You should probably fold pocket aces over 50% of the time if you are playing 5 opponents here.  

How many new players know this?  I can tell them - but I can't sit there with them and walk through all these considerations. . .

**Considerations**
- When a board shows a flush draw - did my remaining opponents raise *correctly*?  Or do they not even know how to bluff?
- What is my overall bankroll?  Can I afford a swing if I think I'm more correct than raw probabilities imply?
- Where do I stand relative to my last few hands?  Am I trying to recover losses or playing wildly?
- *Who* am I playing with?  Do they understand the relative value of their position at any stage of the game? 

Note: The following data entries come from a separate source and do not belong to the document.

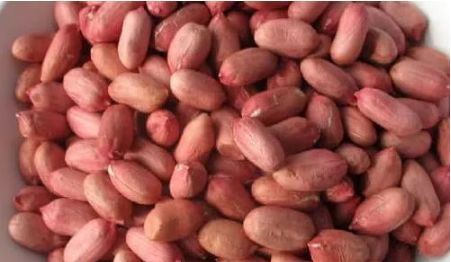 胃病特效药图片大全,胃病偏方可信吗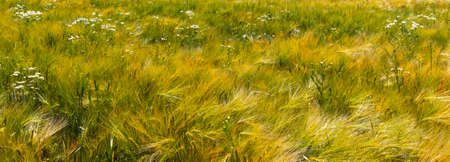 A wheat field during summer on a beautiful day. Close upの写真素材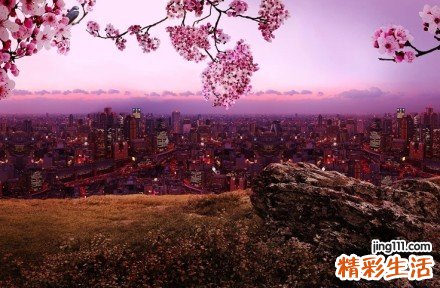 杏鲍菇的11种美味做法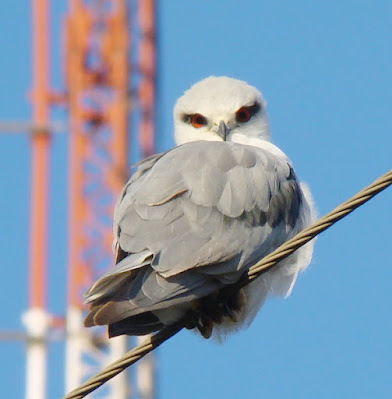 "Black-shouldered Kite- Elanus caeruleus, local migrant,perched on wire,scanning for rats."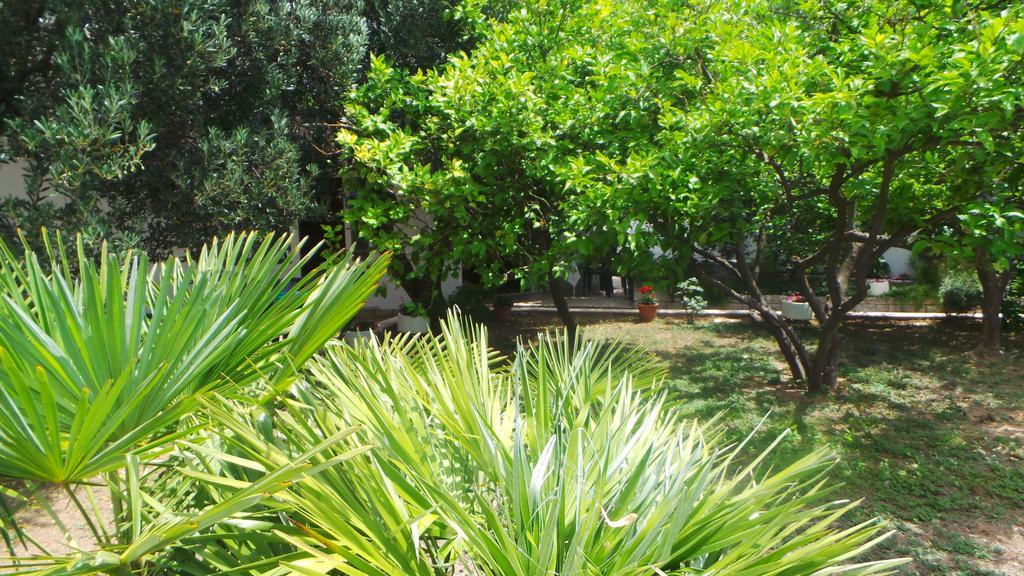 Pension Vice Gradac  Esterno foto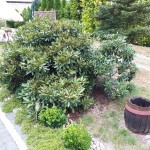 "Pamiętajcie o ogrodach"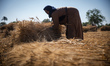 Farm Workers Harvest And Feed Wheat Into A Threshing Machine During The Harvest In, Al-Sha...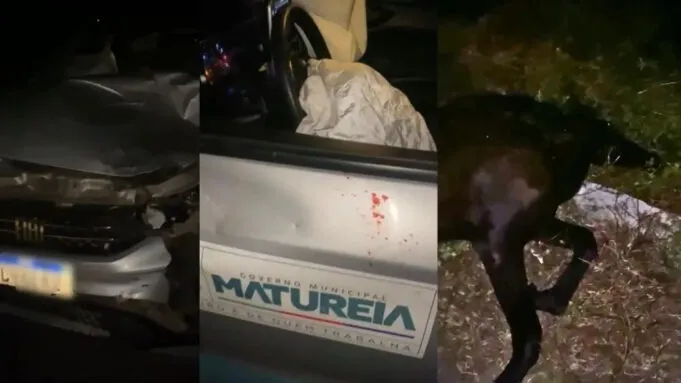 Veículo da Prefeitura de Matureia colide com animal entre Patos e São José do Bonfim; ninguém fica ferido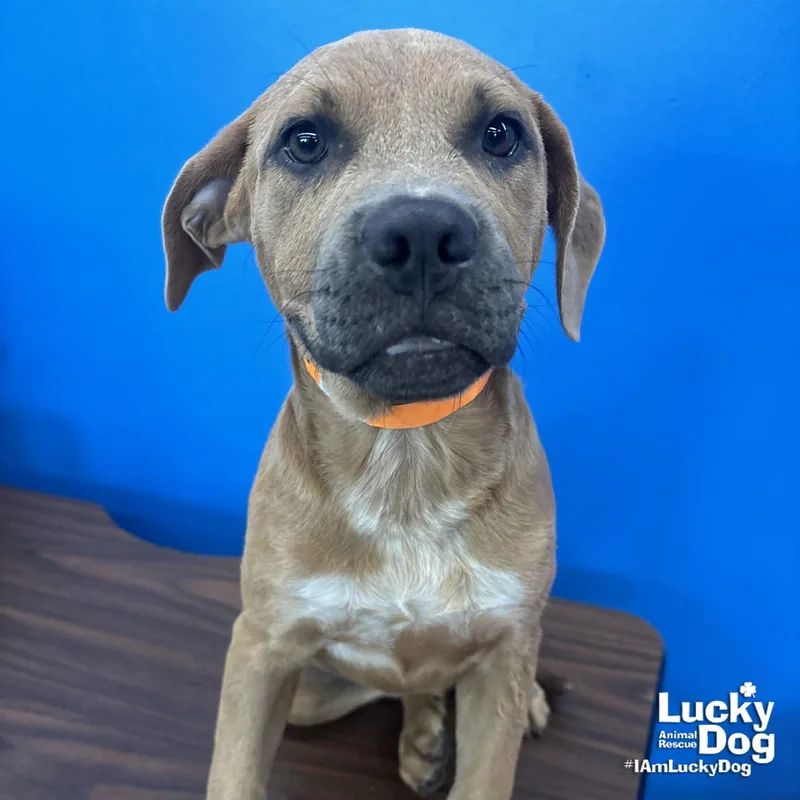 A baby large-sized female Labrador Retriever dog named Snow Mitten for adoption in Washington, DC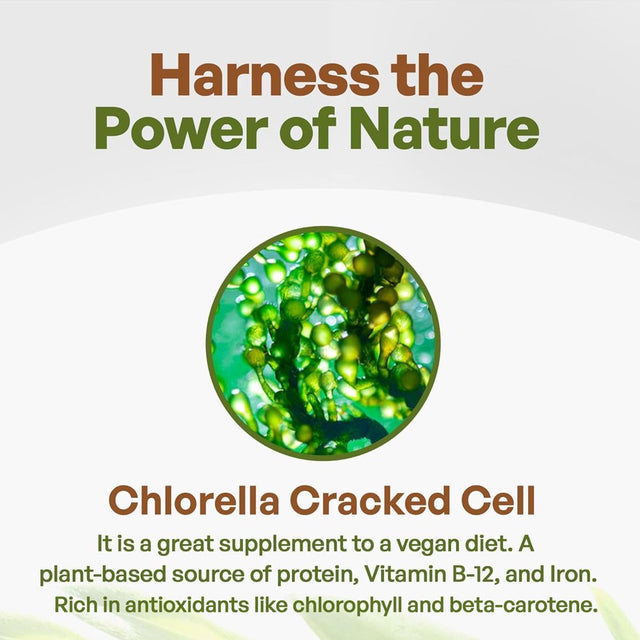 Chlorella Tablets Organic Broken Cell 3000Mg per Serving,1000 Tablets Superfood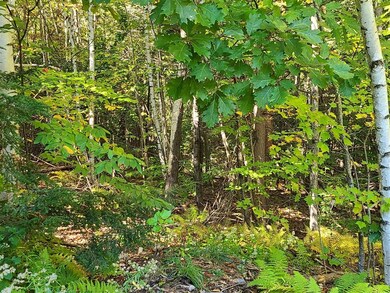 00 Long Ridge Rd unit Lot 2 AKA Lot 22, Sanbornville, NH 03872 - photo 6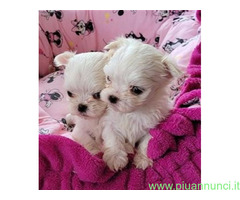 Maltese toy cuccioli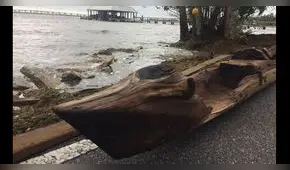 Huracán Irma permitió realizar un increíble hallazgo en Florida [FOTOS]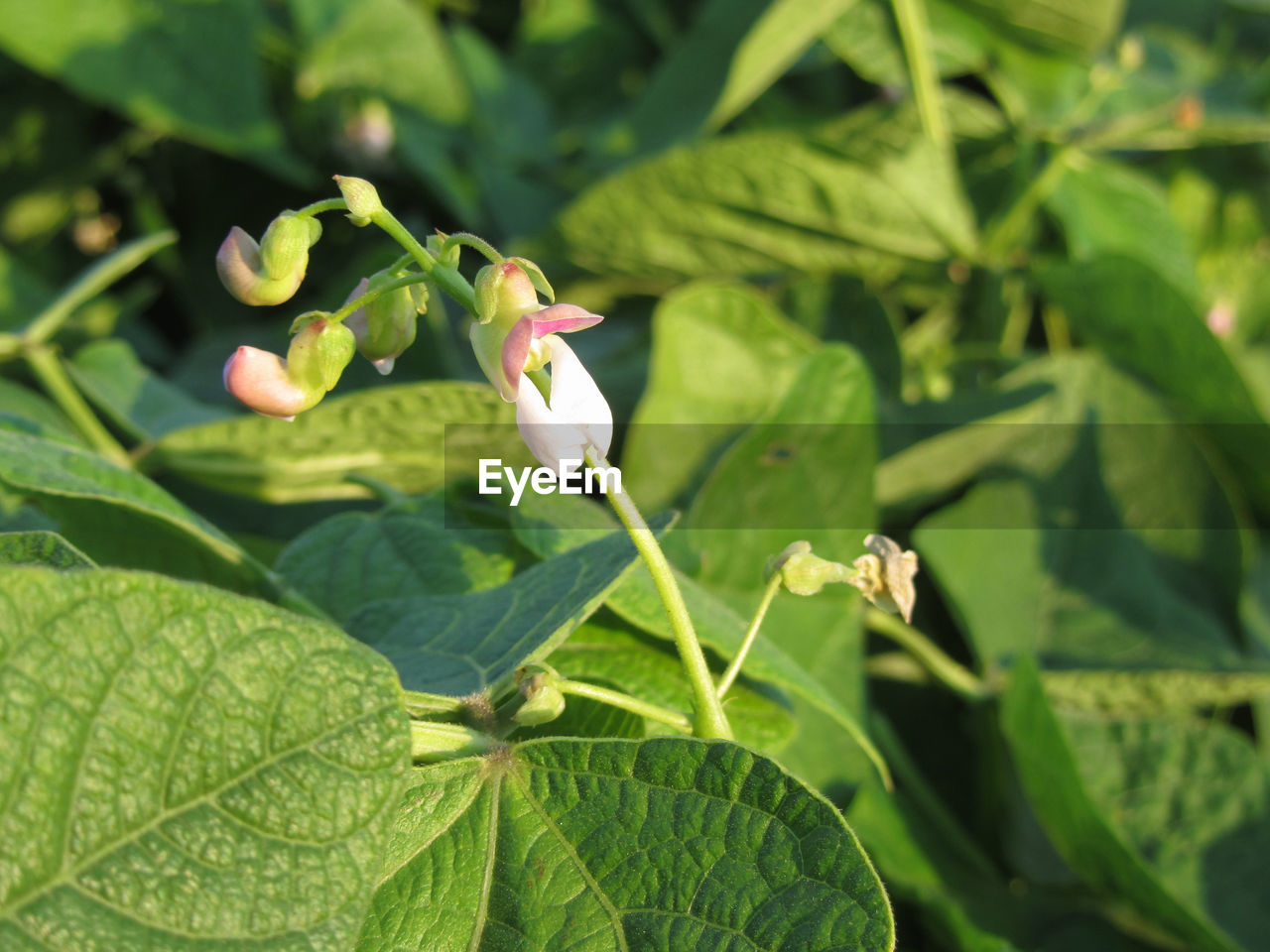 CLOSE-UP OF FRESH RED FLOWERING PLANT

By experiencing this they *learn* a lot about the game and maximizing their EV

##### Effectively, Poker Players are Learning $\pi^* = \underset{\pi}{\text{argmax}} \; \mathbb{E}_{\pi}[R]$ where R is the Reward/Hand - Exactly What AI Agents Learn

In [43]:
from deuces import Card, Evaluator, Deck
import numpy as np
from plotly.subplots import make_subplots
import plotly.graph_objects as go

# Initialize evaluator
evaluator = Evaluator()

def simulate_poker_hands(n_hands=1000):
    # Track wealth paths for different scenarios
    trips_wealth = [100]  # Starting with $100
    trips_flush_wealth = [100]
    non_trips_wealth = [100]
    
    # Pocket aces in binary format
    ace_spades = Card.new('As')
    ace_hearts = Card.new('Ah')
    pocket_aces = [ace_spades, ace_hearts]
    
    # Base bet size $10, increased for strong hands
    base_bet = 10
    trips_multiplier = 2  # Double bet for trips
    flush_multiplier = 2  # 50% increase for flush draw
    
    for _ in range(n_hands):
        deck = Deck()
        # Remove our pocket aces from deck
        deck.cards.remove(ace_spades)
        deck.cards.remove(ace_hearts)
        
        # Deal 5 opponents
        villain_cards = []
        for _ in range(5):
            villain_cards.append(deck.draw(2))
            
        # Deal board
        board = deck.draw(5)
        
        # Check if we hit trips
        board_ranks = [Card.get_rank_int(card) for card in board]
        hit_trips = Card.get_rank_int(ace_spades) in board_ranks
        
        # Check if board has flush draw
        board_suits = [Card.get_suit_int(card) for card in board]
        suit_counts = {suit: board_suits.count(suit) for suit in set(board_suits)}
        has_flush_draw = max(suit_counts.values()) == 4
        
        # Evaluate all hands
        hero_score = evaluator.evaluate(board, pocket_aces)
        villain_scores = [evaluator.evaluate(board, v_cards) for v_cards in villain_cards]
        
        # Lower score is better in deuces
        won_hand = all(hero_score < v_score for v_score in villain_scores)
        
        # Calculate bet size based on hand strength
        if hit_trips and has_flush_draw:
            bet_size = base_bet * trips_multiplier * flush_multiplier
        elif hit_trips:
            bet_size = base_bet * trips_multiplier
        else:
            bet_size = base_bet
            
        # Update wealth paths based on outcome
        if hit_trips and has_flush_draw:
            last_wealth = trips_flush_wealth[-1]
            trips_flush_wealth.append(last_wealth + (bet_size if won_hand else -bet_size))
        elif hit_trips:
            last_wealth = trips_wealth[-1]
            trips_wealth.append(last_wealth + (bet_size if won_hand else -bet_size))
        else:
            last_wealth = non_trips_wealth[-1]
            non_trips_wealth.append(last_wealth + (bet_size if won_hand else -bet_size))
            
        # Pad other paths with their last value
        if hit_trips and has_flush_draw:
            trips_wealth.append(trips_wealth[-1])
            non_trips_wealth.append(non_trips_wealth[-1])
        elif hit_trips:
            trips_flush_wealth.append(trips_flush_wealth[-1])
            non_trips_wealth.append(non_trips_wealth[-1])
        else:
            trips_wealth.append(trips_wealth[-1])
            trips_flush_wealth.append(trips_flush_wealth[-1])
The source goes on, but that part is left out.